I am trying to figure out what I mean by this surplus of queer that adds something to the singer that drives us, the bent audience, crazy.
Tell me if I’m out to lunch – but most of all tell me why you love your diva.
— In part it’s the roles. The only role opposite a woman that I remember Pieczonka singing was the Marschallin – her roles tend to be on the extremely straight side. (Sieglinde. Senta. Tosca. Ariadne.) And when I say straight, I don’t mean they can’t be queered on stage – I mean, no director really bothered queering them yet. So, for all intents and purposes: extremely straight. Same for Jill Grove. Although she sang otherworldly and differently-sexual creatures like Erda and Azucena, he roles are also on the straight side. Of all Wagnerian roles, Brunnhilde, Waltraute, Kundry and Venus will get you queer points. Sieglinde, Senta, Fricka, Elisabeth – no.
— It helps if you’re a mezzo. Gay men gravitate towards sopranos, and queer women gravitate towards mezzos. But not any mezzo repertoire will do.
— You must know how to do baroque. As long as there’s a chunk of baroque in your bag of tricks, you’re on the right path.

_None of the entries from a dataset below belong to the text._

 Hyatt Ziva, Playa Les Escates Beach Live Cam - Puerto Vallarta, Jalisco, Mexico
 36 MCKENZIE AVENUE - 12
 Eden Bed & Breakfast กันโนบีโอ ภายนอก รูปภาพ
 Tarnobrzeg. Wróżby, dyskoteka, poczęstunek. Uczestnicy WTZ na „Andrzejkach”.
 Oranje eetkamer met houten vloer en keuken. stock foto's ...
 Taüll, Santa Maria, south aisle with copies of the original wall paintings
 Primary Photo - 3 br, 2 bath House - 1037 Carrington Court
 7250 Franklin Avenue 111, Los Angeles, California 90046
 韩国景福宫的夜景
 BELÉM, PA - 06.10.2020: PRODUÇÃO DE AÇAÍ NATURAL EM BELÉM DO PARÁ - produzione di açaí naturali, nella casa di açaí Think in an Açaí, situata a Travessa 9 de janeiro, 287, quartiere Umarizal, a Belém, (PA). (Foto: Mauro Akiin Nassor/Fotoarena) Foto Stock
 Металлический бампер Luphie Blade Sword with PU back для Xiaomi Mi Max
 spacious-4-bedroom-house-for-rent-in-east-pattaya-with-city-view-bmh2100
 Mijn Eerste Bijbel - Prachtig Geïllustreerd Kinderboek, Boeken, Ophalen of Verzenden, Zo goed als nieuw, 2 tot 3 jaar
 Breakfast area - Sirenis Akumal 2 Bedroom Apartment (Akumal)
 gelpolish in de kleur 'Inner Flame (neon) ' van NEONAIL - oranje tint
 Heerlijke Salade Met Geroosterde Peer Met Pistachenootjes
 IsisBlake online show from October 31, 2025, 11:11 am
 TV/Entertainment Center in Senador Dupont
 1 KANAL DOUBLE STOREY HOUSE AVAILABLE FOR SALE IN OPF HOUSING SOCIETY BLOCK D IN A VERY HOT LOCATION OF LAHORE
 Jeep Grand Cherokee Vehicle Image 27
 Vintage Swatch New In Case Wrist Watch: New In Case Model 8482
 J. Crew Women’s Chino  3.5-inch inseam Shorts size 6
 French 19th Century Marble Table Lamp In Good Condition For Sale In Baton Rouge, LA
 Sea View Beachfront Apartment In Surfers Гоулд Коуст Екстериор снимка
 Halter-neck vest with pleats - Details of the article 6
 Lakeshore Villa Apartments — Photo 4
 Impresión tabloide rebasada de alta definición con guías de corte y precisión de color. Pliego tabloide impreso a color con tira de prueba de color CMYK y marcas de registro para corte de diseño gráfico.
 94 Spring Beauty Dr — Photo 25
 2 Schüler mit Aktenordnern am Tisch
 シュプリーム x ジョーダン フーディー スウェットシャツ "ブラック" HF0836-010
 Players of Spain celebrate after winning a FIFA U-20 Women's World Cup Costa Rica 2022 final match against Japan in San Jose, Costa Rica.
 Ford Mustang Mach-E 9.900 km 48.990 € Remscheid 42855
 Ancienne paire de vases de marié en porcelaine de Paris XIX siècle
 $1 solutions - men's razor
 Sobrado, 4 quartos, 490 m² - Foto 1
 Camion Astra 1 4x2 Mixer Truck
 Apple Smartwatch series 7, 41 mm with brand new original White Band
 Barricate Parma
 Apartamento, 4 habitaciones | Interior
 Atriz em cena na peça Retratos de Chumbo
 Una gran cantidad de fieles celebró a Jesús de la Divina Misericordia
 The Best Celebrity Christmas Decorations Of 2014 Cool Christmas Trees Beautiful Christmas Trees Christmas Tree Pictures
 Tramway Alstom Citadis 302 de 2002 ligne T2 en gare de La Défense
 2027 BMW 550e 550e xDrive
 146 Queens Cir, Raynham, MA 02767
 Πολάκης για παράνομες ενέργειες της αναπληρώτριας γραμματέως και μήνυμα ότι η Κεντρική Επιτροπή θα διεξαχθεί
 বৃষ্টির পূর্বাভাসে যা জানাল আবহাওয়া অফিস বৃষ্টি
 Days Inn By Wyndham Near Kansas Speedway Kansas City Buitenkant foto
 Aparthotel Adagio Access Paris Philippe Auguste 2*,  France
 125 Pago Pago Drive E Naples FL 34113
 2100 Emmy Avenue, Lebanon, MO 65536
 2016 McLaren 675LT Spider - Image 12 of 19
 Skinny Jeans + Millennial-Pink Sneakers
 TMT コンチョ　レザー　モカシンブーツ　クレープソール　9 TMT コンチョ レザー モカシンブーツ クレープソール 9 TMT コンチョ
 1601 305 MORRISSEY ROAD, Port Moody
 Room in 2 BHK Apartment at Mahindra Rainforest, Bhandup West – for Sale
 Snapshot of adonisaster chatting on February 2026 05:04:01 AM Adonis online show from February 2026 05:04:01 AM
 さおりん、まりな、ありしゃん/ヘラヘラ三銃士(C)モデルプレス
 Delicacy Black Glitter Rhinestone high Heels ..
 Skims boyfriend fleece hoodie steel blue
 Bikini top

— Furthermore, you will ‘own’ at least one Handel trouser role. The more of them you own, the queerer.
— You can’t be conventionally beautiful. In other words, you can’t be beautiful to the straight male gaze. There needs to be something peculiar about your body, something freakish (in the best, sexual-disorderliness meaning of the word), whether in your manner of acting or moving or the length of your neck or your hands (what? like you never thought about this?) or your height or flat-chestedness or curvyness, or hair, or something.
— Having said that, approaching the Botha weight won’t do. Seriously – Montserrat pulled it off, but that was once in an operatic century. And she didn’t have a huge lesbo following anyway. So… there’s freakishness and then there’s freakishness.
— You can’t fear experiment on stage. You’re willing to go to the edge and over, you’re willing to uglify yourself, monster-ize yourself on stage.
— You must pass the Standard Trouser Test with flying colours. There will be debate what the STT consists of. Some would argue it’s the Octavian-Orlofsky-Cherubino, or OO+Romeo triad. Others will say the OO is enough. Yet others will add the Komponist to the OO or the OOCR.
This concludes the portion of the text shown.